The data below:

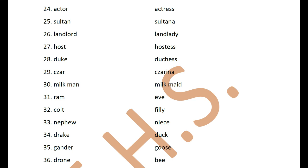Duke / duchess. Tsar / tsarina — the Russian king is called a Tsar and his queen is called a Tsarina. Milkman / milkmaid. Ram / ewe — these are the sheep family; common gender is sheep, male is ram, female is ewe. Colt / filly — these are horses; common gender is horse, male is colt, female is filly, generally referring to a small-sized horse.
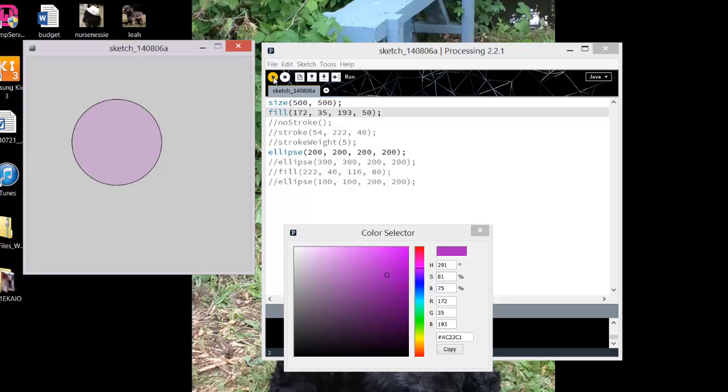So with the fill, you can either send it three parameters or four. And if you're sending it three, it will always be your RGB values, which you can get right here. And the fourth value is optional, but that value would be your transparency setting.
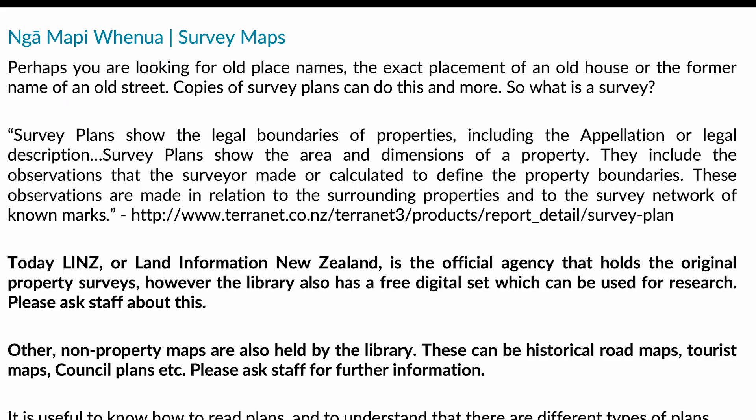Perhaps you're looking for an old place name, the exact placement of an old house, or the former name of an old street — copies of survey plans can help. Survey plans show the legal boundaries of properties including the appellation — the name or legal description — as well as the area and dimensions of a property. They include observations the surveyor made or calculated to define the property boundaries in relation to surrounding properties and the survey network. Today LINZ — Land Information New Zealand — is the official agency that holds all original property surveys, however the library also has a free digital set which can be used for research.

End of The data.

### What the exercise asks
Line for line, retype the material exactly, omitting any pictures.

### Your response
Duke / duchess. Tsar / tsarina — the Russian king is called a Tsar and his queen is called a Tsarina. Milkman / milkmaid. Ram / ewe — these are the sheep family; common gender is sheep, male is ram, female is ewe. Colt / filly — these are horses; common gender is horse, male is colt, female is filly, generally referring to a small-sized horse.
So with the fill, you can either send it three parameters or four. And if you're sending it three, it will always be your RGB values, which you can get right here. And the fourth value is optional, but that value would be your transparency setting.
Perhaps you're looking for an old place name, the exact placement of an old house, or the former name of an old street — copies of survey plans can help. Survey plans show the legal boundaries of properties including the appellation — the name or legal description — as well as the area and dimensions of a property. They include observations the surveyor made or calculated to define the property boundaries in relation to surrounding properties and the survey network. Today LINZ — Land Information New Zealand — is the official agency that holds all original property surveys, however the library also has a free digital set which can be used for research.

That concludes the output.